• [YOUR OBJECTIVE] Beginning at the first line of the data, print each line exactly, stopping after the line that contains "Men's Power Air".

• [GIVEN DATA]
================

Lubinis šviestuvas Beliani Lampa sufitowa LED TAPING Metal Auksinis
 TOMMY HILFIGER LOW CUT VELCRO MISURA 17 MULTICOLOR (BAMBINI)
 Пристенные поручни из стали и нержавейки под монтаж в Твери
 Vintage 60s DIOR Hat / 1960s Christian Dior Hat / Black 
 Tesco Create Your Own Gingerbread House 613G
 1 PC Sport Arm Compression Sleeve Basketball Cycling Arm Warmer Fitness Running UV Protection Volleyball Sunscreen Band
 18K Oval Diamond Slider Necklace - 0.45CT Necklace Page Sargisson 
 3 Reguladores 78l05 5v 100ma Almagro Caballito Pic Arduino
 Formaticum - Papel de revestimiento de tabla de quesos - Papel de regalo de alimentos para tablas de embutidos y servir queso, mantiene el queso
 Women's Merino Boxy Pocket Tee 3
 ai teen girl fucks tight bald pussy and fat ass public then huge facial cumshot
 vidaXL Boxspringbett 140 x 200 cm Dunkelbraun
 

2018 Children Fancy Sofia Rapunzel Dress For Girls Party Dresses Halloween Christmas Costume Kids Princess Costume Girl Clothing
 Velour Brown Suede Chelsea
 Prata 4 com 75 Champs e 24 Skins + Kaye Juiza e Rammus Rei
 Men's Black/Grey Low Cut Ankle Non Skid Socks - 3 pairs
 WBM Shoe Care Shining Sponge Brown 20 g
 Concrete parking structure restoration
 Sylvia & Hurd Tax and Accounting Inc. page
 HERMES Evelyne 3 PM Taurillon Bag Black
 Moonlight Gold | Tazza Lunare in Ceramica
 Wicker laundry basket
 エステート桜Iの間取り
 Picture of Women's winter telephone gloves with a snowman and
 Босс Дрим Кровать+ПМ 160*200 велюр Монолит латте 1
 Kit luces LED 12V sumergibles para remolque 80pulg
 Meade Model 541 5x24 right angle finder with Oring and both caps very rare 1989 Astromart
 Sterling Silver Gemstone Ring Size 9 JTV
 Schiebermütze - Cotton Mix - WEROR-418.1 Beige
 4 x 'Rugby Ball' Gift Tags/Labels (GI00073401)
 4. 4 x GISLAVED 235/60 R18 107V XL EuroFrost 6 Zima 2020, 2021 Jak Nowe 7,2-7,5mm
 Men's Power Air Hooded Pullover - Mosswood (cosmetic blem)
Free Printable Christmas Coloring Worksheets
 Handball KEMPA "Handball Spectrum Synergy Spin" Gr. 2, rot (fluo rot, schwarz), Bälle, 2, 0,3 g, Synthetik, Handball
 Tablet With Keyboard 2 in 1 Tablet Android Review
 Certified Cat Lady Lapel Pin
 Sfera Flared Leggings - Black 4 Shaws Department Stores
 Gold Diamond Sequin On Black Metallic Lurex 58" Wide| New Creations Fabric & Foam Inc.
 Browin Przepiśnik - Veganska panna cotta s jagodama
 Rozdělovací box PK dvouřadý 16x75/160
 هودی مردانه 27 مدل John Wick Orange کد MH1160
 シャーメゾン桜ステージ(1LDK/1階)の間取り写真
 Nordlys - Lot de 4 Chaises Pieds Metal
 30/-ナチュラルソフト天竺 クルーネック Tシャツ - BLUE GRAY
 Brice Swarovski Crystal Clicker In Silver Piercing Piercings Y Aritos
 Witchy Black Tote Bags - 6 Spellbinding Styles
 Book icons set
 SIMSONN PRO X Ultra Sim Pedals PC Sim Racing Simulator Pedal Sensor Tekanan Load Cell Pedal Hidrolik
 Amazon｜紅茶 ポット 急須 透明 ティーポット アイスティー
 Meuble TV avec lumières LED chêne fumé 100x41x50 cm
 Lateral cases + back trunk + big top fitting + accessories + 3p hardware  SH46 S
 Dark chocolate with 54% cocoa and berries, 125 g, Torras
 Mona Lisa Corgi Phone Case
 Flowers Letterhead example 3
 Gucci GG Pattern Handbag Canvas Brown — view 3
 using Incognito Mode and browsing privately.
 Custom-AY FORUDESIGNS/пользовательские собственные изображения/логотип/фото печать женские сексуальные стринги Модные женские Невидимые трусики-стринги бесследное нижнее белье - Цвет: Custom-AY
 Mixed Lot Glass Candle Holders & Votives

================

• [PROBLEM SOLUTION]
Lubinis šviestuvas Beliani Lampa sufitowa LED TAPING Metal Auksinis
 TOMMY HILFIGER LOW CUT VELCRO MISURA 17 MULTICOLOR (BAMBINI)
 Пристенные поручни из стали и нержавейки под монтаж в Твери
 Vintage 60s DIOR Hat / 1960s Christian Dior Hat / Black 
 Tesco Create Your Own Gingerbread House 613G
 1 PC Sport Arm Compression Sleeve Basketball Cycling Arm Warmer Fitness Running UV Protection Volleyball Sunscreen Band
 18K Oval Diamond Slider Necklace - 0.45CT Necklace Page Sargisson 
 3 Reguladores 78l05 5v 100ma Almagro Caballito Pic Arduino
 Formaticum - Papel de revestimiento de tabla de quesos - Papel de regalo de alimentos para tablas de embutidos y servir queso, mantiene el queso
 Women's Merino Boxy Pocket Tee 3
 ai teen girl fucks tight bald pussy and fat ass public then huge facial cumshot
 vidaXL Boxspringbett 140 x 200 cm Dunkelbraun
 

2018 Children Fancy Sofia Rapunzel Dress For Girls Party Dresses Halloween Christmas Costume Kids Princess Costume Girl Clothing
 Velour Brown Suede Chelsea
 Prata 4 com 75 Champs e 24 Skins + Kaye Juiza e Rammus Rei
 Men's Black/Grey Low Cut Ankle Non Skid Socks - 3 pairs
 WBM Shoe Care Shining Sponge Brown 20 g
 Concrete parking structure restoration
 Sylvia & Hurd Tax and Accounting Inc. page
 HERMES Evelyne 3 PM Taurillon Bag Black
 Moonlight Gold | Tazza Lunare in Ceramica
 Wicker laundry basket
 エステート桜Iの間取り
 Picture of Women's winter telephone gloves with a snowman and
 Босс Дрим Кровать+ПМ 160*200 велюр Монолит латте 1
 Kit luces LED 12V sumergibles para remolque 80pulg
 Meade Model 541 5x24 right angle finder with Oring and both caps very rare 1989 Astromart
 Sterling Silver Gemstone Ring Size 9 JTV
 Schiebermütze - Cotton Mix - WEROR-418.1 Beige
 4 x 'Rugby Ball' Gift Tags/Labels (GI00073401)
 4. 4 x GISLAVED 235/60 R18 107V XL EuroFrost 6 Zima 2020, 2021 Jak Nowe 7,2-7,5mm
 Men's Power Air Hooded Pullover - Mosswood (cosmetic blem)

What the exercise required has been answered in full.